Other courts have held that a nonsignatory may compel arbitration when the signatory to a written agreement containing an arbitration clause must rely on the terms of that written agreement in asserting its claims against the nonsignatory. See, e.g., Hughes Masonry Co., Inc. v. Greater Clear County Sch. Bldg. Corp., 659 F.2d 836, 838 (7th Cir. 1981). In Hughes Masonry, the court held that a nonsignatory construction manager could compel a contractor to arbitrate his claims of interference with contract. The claims were based on duties and responsibilities ascribed to the construction manager by an agreement between the contractor and the developer that contained an arbitration clause. Id. Since the duties that had been allegedly breached arose from a contract containing an arbitration clause, the signatory was estopped from avoiding arbitration.
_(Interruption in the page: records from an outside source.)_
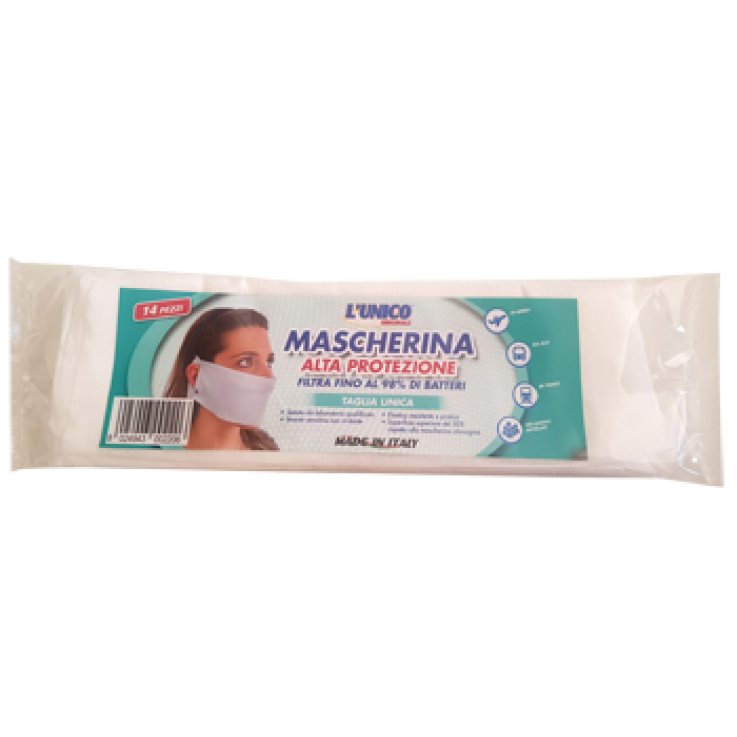 L'UNICO ORIGINALE MASCHERINA IN TESSUTO NON TESSUTO 14 PEZZI L'UNICO ORIGINALE MASCHERINA IN TESSUTO NON TESSUTO 14 PEZZI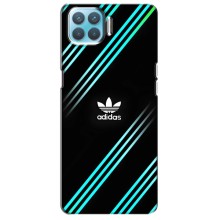 Чехлы Адидас для Oppo F17 (AlphaPrint) (Адидас с полосами)
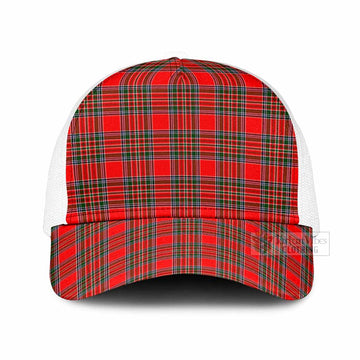 Binning Tartan Mesh Trucker Cap One Size (Adjustable) White - Tartan Vibes Clothing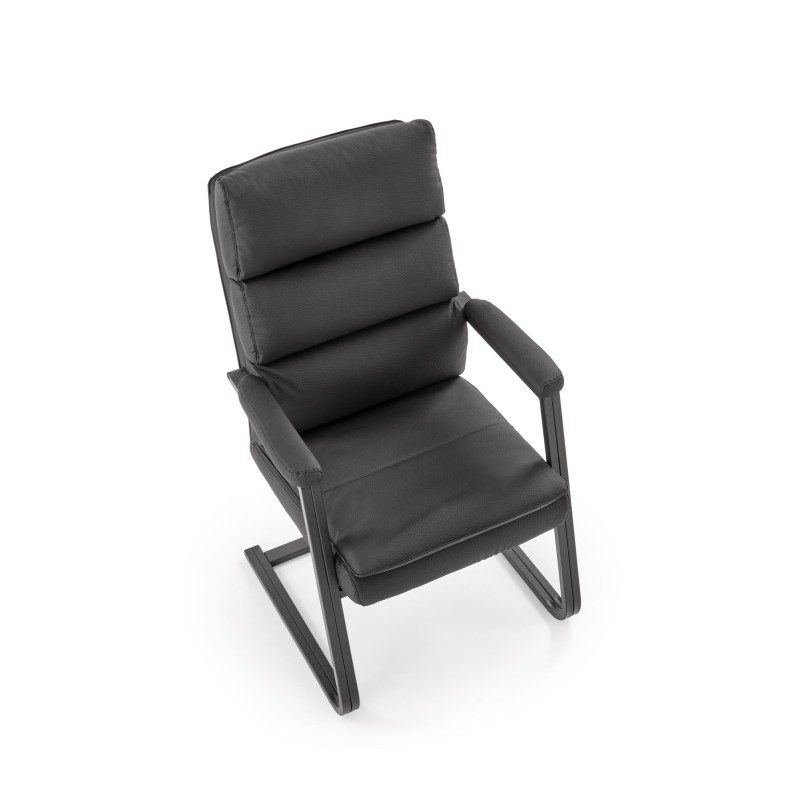 'ADRIANO SKID Black Office Chair' 'ADRIANO SKID Black Office Chair'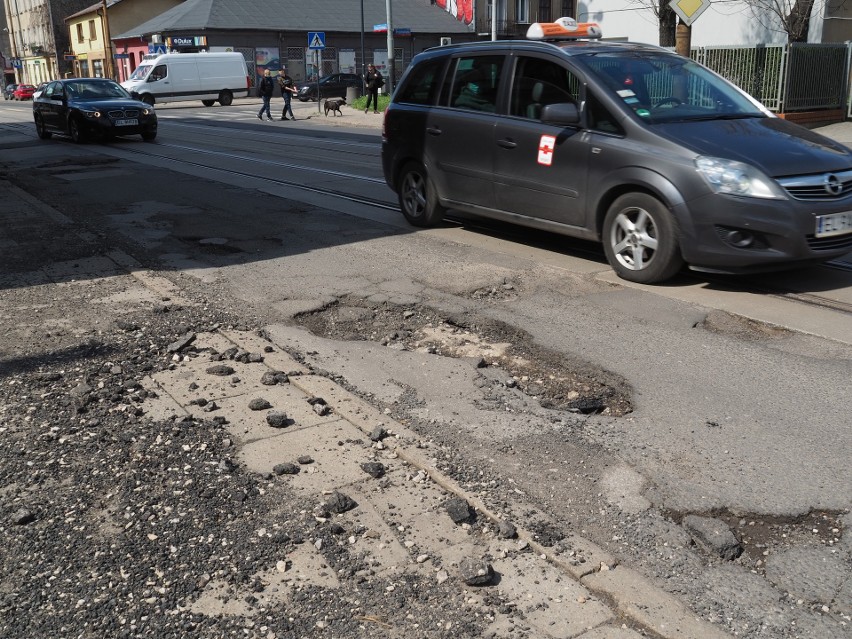 Przybyszewskiego przed al. Śmigłego - Rydza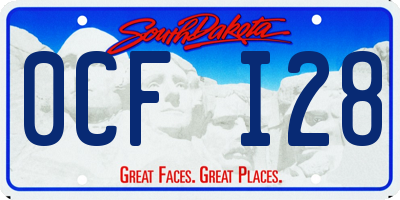 SD license plate 0CFI28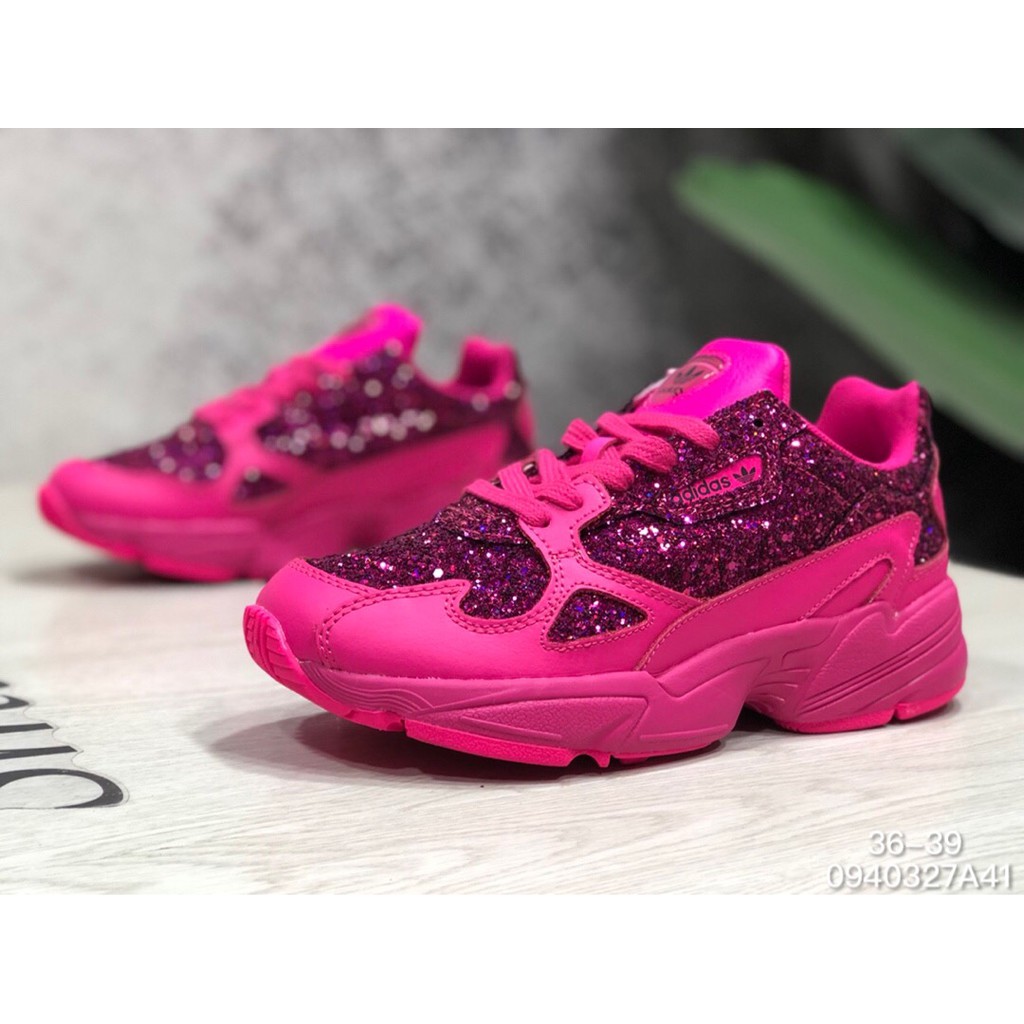 sparkly pink adidas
Here, the breach of warranty claims raised by Tres Jeanee against Micros are not founded in or intertwined with the underlying contract obligations of Brolin. Although Tres Jeanee brings breach of warranty claims against both parties, they are founded upon different theories: Brolin for installation and maintenance and Micros as manufacturer for product defects. Plaintiff's claims sound in tort and are not founded upon any contractual obligation with Brolin. Although the claims arise from the same circumstances, they do not appear intertwined as other courts have required.
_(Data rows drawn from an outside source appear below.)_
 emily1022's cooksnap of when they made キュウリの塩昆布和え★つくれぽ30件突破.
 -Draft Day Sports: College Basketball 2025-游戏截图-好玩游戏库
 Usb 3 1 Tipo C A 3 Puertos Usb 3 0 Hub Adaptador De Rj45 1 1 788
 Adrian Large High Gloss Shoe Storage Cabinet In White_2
The Fourth Circuit has recognized the difference between tort-based warranty claims and claims based on contract in the context of a motion to compel a nonsignatory to arbitrate. See R.J. Griffin Co. v. Beach Club II Homeowners Ass'n, 384 F.3d 157 (4th Cir. 2004). In Griffin, a general contractor sued a homeowners association to force arbitration of claims of negligence and breach of warranty of good workmanship, which had been brought by the homeowners association in state court. Id. at 159-60. The general contractor had a contract with the developer of the property that contained an arbitration clause. Id. The general contractor argued that the arbitration clause in the contract was enforceable against the association through the doctrine of equitable estoppel. Id. at 160. In affirming the district court, the Fourth Circuit refused to compel arbitration in part because the negligence and breach of warranty claims arose from common law legal duties, which were not dependent upon the terms of the contract. Griffin, 384 F.3d at 162. Even though the formation of the contract meant that the general contractor would build the condominium, thereby assuming the common law duties, the duties flowed from the common law, not the contract. Id.
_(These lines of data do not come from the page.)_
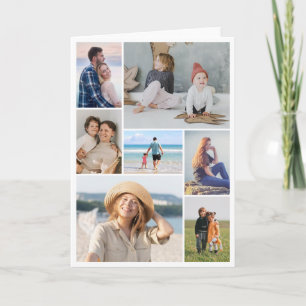 Create Your Own 7 Photo Collage Card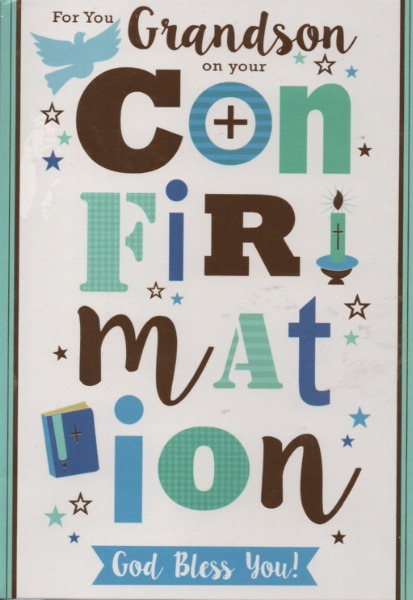 For You Grandson On Your Confirmation For You Grandson On Your Confirmation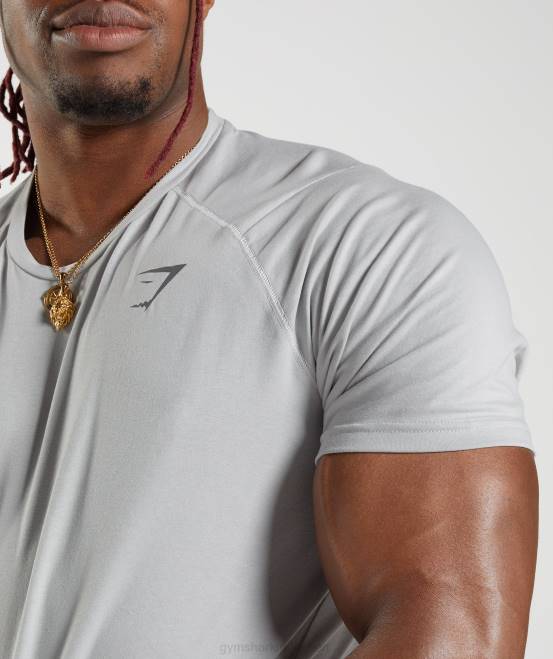 hellgrau Kleidung Gymshark Männer auffälliges T-Shirt 04P8762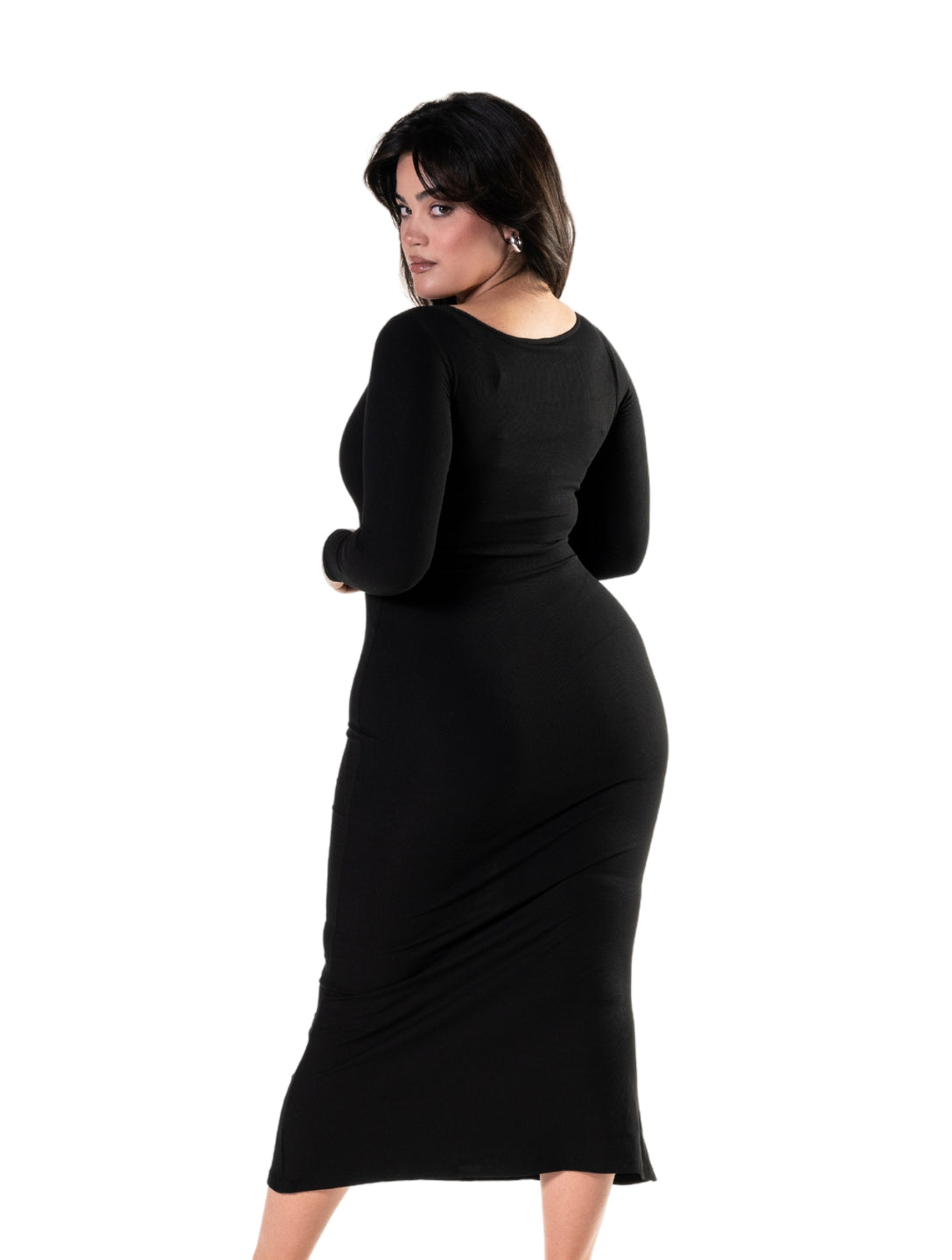 Laura | Langärmliges, figurformendes Shapewear-Kleid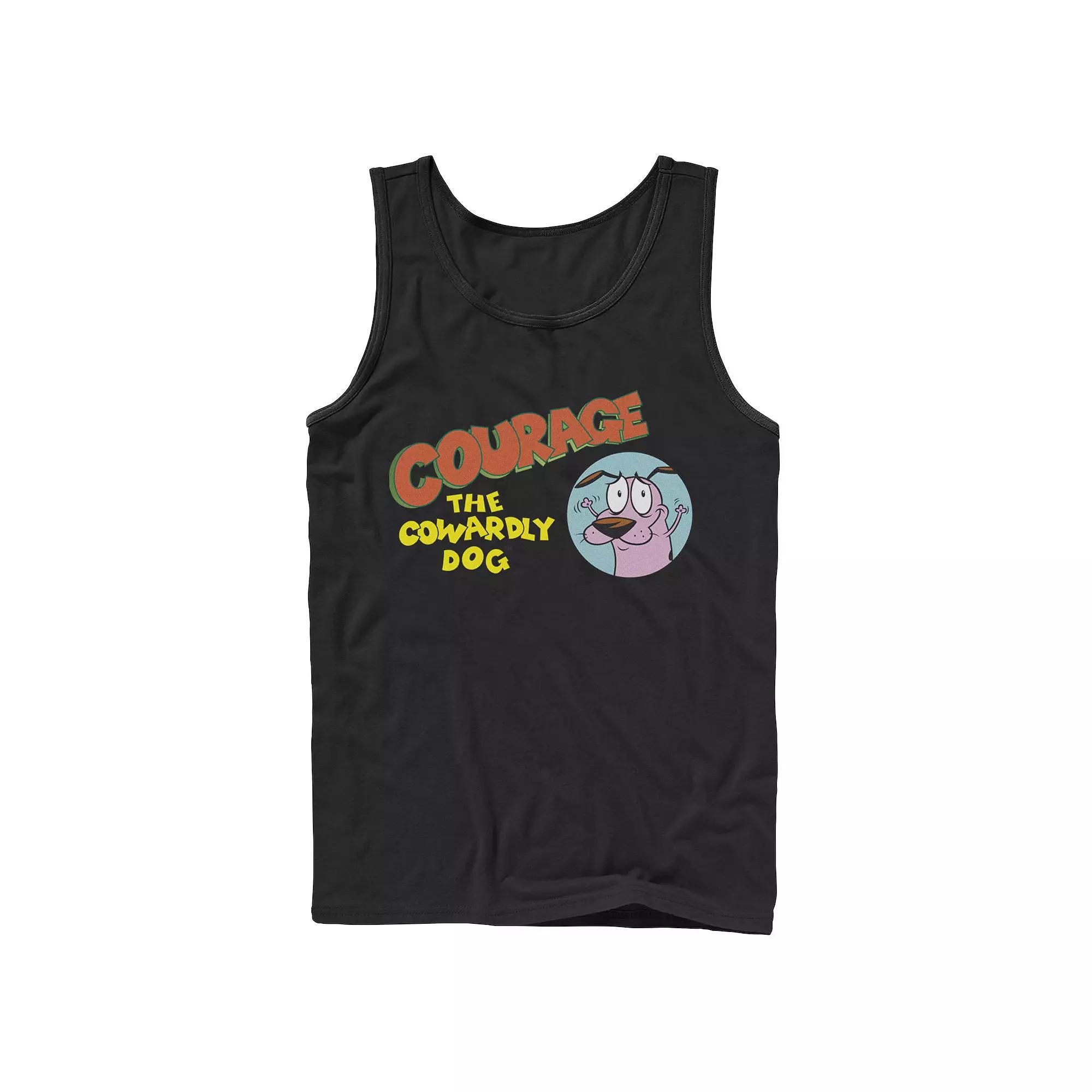 Men's Courage The Cowardly Dog Green Hue Abduction Tank Top,  Product Image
The Fourth Circuit's rationale can be reasonably applied here. Tres Jeanee's claims of breach of express warranty and breach of implied warranty of merchantability are founded in obligations arising out of Kentucky common law. They are separate from any obligations created by the contract with Brolin, even though the contract with Brolin guided the sale to Tres Jeanee that triggered the common law duties.
Denying Micros' motion to compel arbitration may cause some inefficiency and additional expense in the litigation of these claims. Perhaps there is some danger of inconsistent results. However, these concerns do not affect the outcome of a motion to compel in these circumstances.
The Court will enter an order consistent with this Memorandum Opinion.